As crude oil has fallen to half its price of six months ago we have posed the question when to buy oil stocks? Now that the energy sector is pulling stocks down across the board the question is how low will stocks fall before the market stabilizes? Investors are concerned that the low price of oil has more to do with projected low demand than with over supply. Just how bad will the recession get in Japan? How bad will it get in Europe? How badly will decrease demand for exports combined with the collapse of a real estate bubble hurt China? Will the USA withstand these global economic events and continue to recover economically?
The Fall of Oil Prices
Reuters reports how stocks are generally lower as a result of a slump in oil.
Stock markets around the world mostly fell on Monday as oil prices showed no sign of breaking their prolonged downward spiral, prompting further losses in beleaguered energy shares.
Losses were broad in the U.S. equity market, with eight of the 10 primary S&P 500 sectors down. Energy .SPNY was by far the weakest group, off 2.7 percent. The sector is now down more than 25 percent from a high reached in July.
The point is the fall in stock sectors outside of energy when, usually, low energy costs lead to profits and stock gains everywhere outside of the energy sector. How contagious is this and how low will stocks fall?
How Low Energy Prices Hurt Producers
The low price of crude oil is not only painful for the US oil sector. It is especially painful for countries like Venezuela, Iran and Colombia. It is less painful for the Gulf oil states where the price of production is quite low and a low price only means lower profits and not a budget busting loss in income. The Street remarks on how stocks are falling as oil prices hit a five year low.
Stocks moved off session lows by midmorning Monday, though energy stocks continued to drag on benchmark indexes following a forecast from Goldman Sachs that the commodity will remain lower for longer than expected.
Crude oil for February delivery fell 3.7% on Monday to $46.55 a barrel. Among the investment banks cutting oil forecasts, Goldman Sachs analysts said crude would likely trade at $40 a barrel “for longer” as sector investment is curtailed and global demand-supply balance returned. Goldman said the benchmark New York rate would average $50.40 a barrel this year, far below its previous forecast of $83.75.
Also hurting crude prices, pleas from Venezuela and Iran for OPEC to cut oil output were ignored, the countries’ delegates said Monday. OPEC’s Gulf States, including Saudi Arabia, have been steadfast in their refusal to cut production lest the organization lose market share. OPEC will gather in June for their next scheduled meeting.
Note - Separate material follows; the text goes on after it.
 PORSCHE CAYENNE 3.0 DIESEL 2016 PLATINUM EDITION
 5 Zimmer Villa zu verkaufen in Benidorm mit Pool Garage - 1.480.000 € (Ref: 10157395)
To a degree this only affects countries that rely primarily on oil for their survival. Nevertheless, every dollar that oil producers lose means less that they plow into investments or spend in the broader world. In this sense the fall in crude oil prices could send the whole world on the downward spiral into deflation! The question may not be how low will stocks fall but how far will the interconnected economies of the world fall?
How Fares China?
Chinese stocks drop as well according to Bloomberg.
China’s stocks fell for a third day, the longest losing streak since November, amid concern a rally for the world’s best-performing equities market over the past year has been excessive relative to the outlook for the economy.
The Shanghai Composite Index (SHCOMP) fell 1.7 percent to 3,229.32 at the close, the lowest since Dec. 30. The three-day retreat was the longest since China’s central bank announced an unexpected cut in interest rates in November. UBS AG said today that valuations for large stocks have reached fair levels and the bull market may stall unless profits improve.
So long as more and more investors flee the collapsing Chinese real estate market they will prop up Chinese stocks and current valuations will seem fair. When the flood of new investors tapers off Chinese stocks may fall substantially as well. Deflation has a way of feeding upon itself and if a generalized lower demand to lower price spiral develops stocks may fall substantially everywhere.